→ **Data**:
****

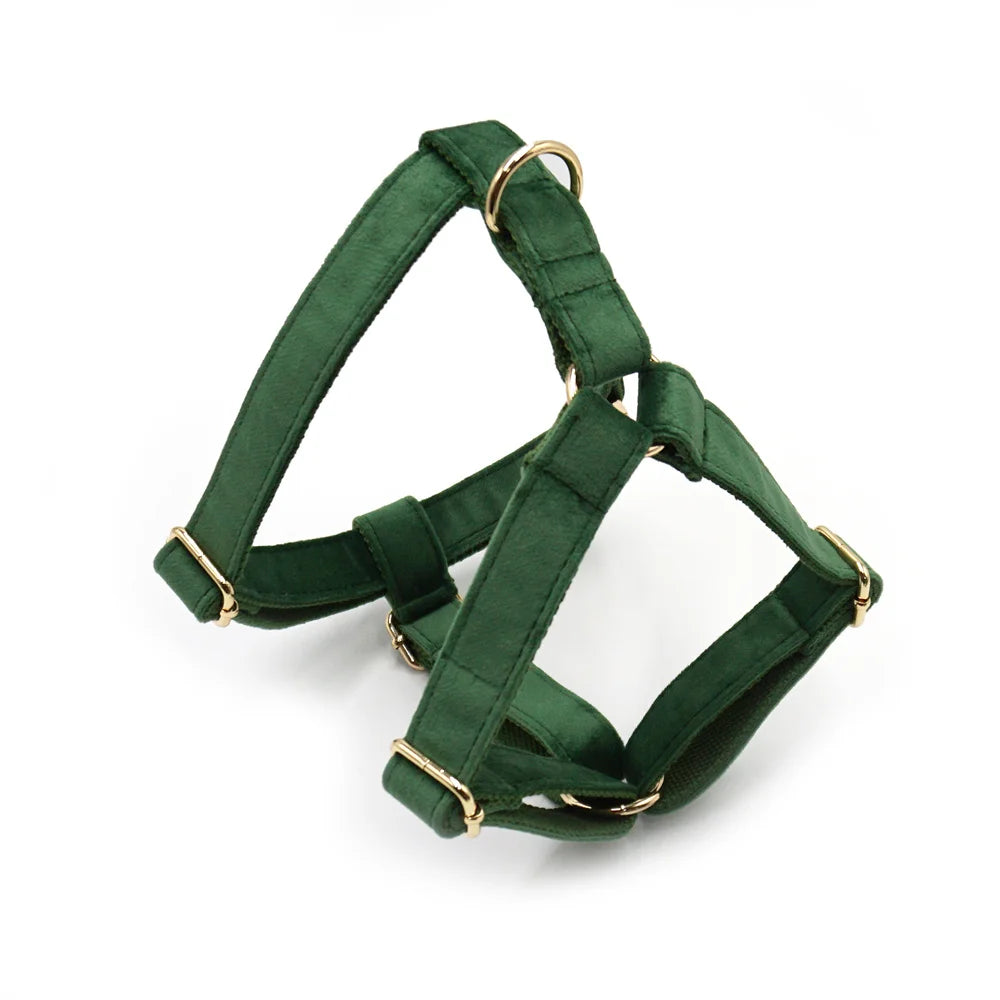 Peacock Green Velvet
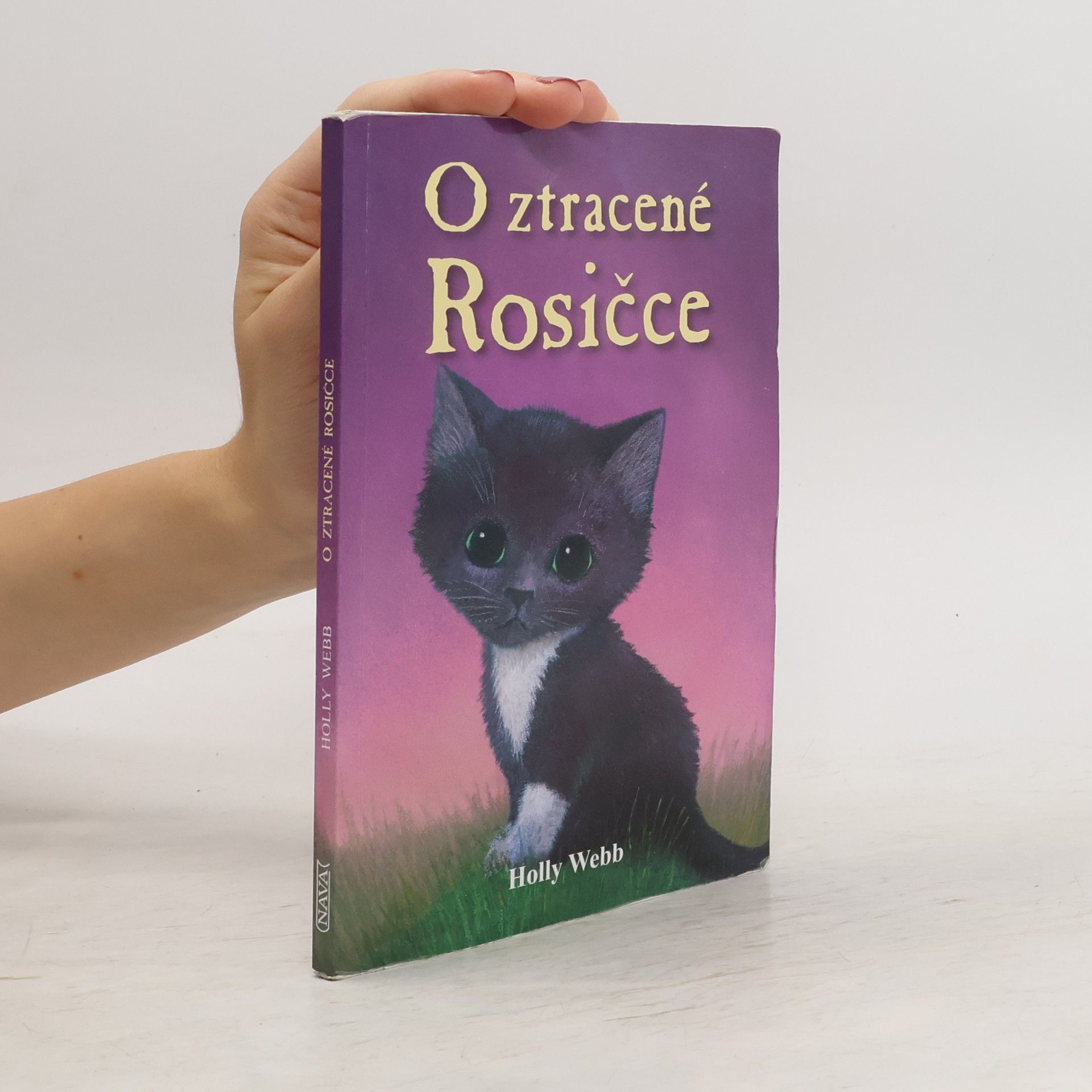 Holly Webb O ztracené Rosičce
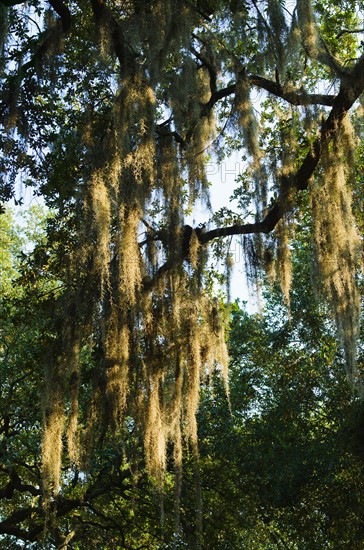 USA, Georgia, Savannah, Oak trees with spanish moss.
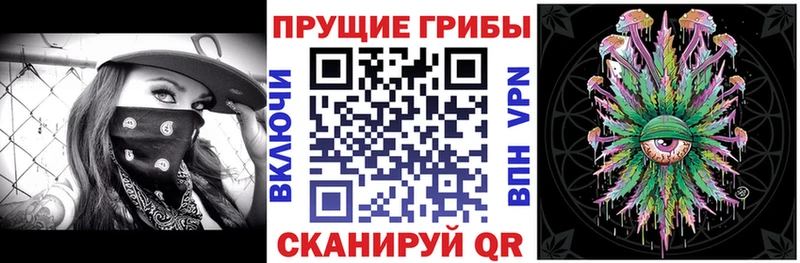 Псилоцибиновые грибы Psilocybine cubensis  Купить где  Сысерть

****

→ **Your task**:
Leaving the pictures aside, copy exactly and only the lines from the one holding "USA, Georgia, Savannah, Oak" through the final line of the data, both ends kept.

→ **Completed exercise**:
 USA, Georgia, Savannah, Oak trees with spanish moss.
 Псилоцибиновые грибы Psilocybine cubensis  Купить где  Сысерть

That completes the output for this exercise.